An apathetic approach to this life milestone has, in fact, tsunami-like features: it starts out as a small blip very far away, but it grows in destructive strength as it progresses towards us. – when you see it, it is already too late.

The Department for Work & Pensions (DWP) is rightly concerned and is working on several solutions in tandem to help remedy savers’ lack of engagement with their pension, such as shorter paper statements and a “pension statement season”, whereby savers receive their individual statements around the same time. Yet this doesn’t seem to be the radical solution that will tear down the wall of saver apathy – rather it’s just a perpetuation of an ineffective communication tool.

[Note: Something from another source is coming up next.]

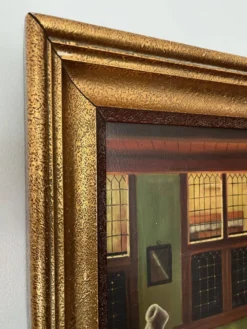 Peinture à l’huile ´femme qui lit’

Pension statements have already failed to trigger any meaningful action, so it is difficult to see how delivering more of the same, at the same time, would help in solving the issue. If one statement elicits a bland response from recipients, more statements together will likely just increase the garbage fodder.

Previous initiatives with the same noble aim, such as Pensions Awareness Day, also failed in cutting through the noise. If the DWP wants to increase engagement, it should leverage those very platforms where engagement is already happening, that is social media.

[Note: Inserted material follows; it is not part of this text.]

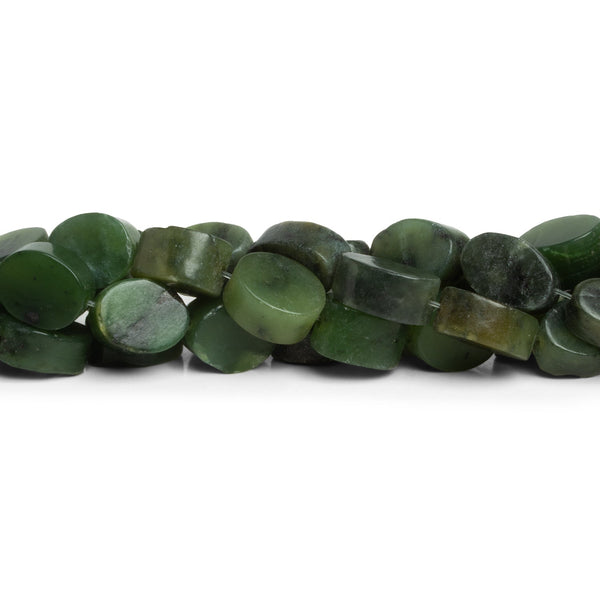 12x9mm Nephrite Jade Plain Ovals 16 inch 30 beads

Nowadays, Britons are more likely to check what is in their DMs than in their mailboxes. According to Statista, at the beginning of 2021 there were 53 million active social media users in the UK, equal to 77.9 percent of the entire population.

Facebook had the lion’s share: it is the most popular social network across all age groups with over 50 million users, with the highest use among those aged 45 and above who should already be seriously thinking about their pensions. Instagram is the second most popular with 30 million users, while Twitter ranked third with over 24 million and TikTok is expected to surpass 11 million soon.

The proliferation and news coverage of retail investing platforms, online communities, and financial memes have increased social media users’ curiosity for personal financial management – so there is clearly interest here, it simply hasn’t been utilised effectively yet for pensions

Like in “The Big Short” movie, these online communities have adapted technical jargon and concepts, once exclusively confined to Wall Street’s trading rooms, to more approachable formats for Main Street, thus earning significant engaged followings.

Pension institutions must therefore realise that there are different languages and channels for formal and informal communications. As B2B2C businesses, they can’t expect the same level of understanding from sponsors (B2B) and end-members (B2C) alike, as the former have a far more intimate knowledge of the subject than the latter.

“Insanity is doing the same thing over and over again, but expecting different results” goes a known adage misattributed to Albert Einstein.

No one is really expecting to receive another lecture from Margot Robbie in a bathtub as per The Big Short, but pension providers cannot keep fighting a perennial industry issue with the same inadequate methods. If the industry is serious about breaking through to savers, it needs to communicate with them using a new set of tools.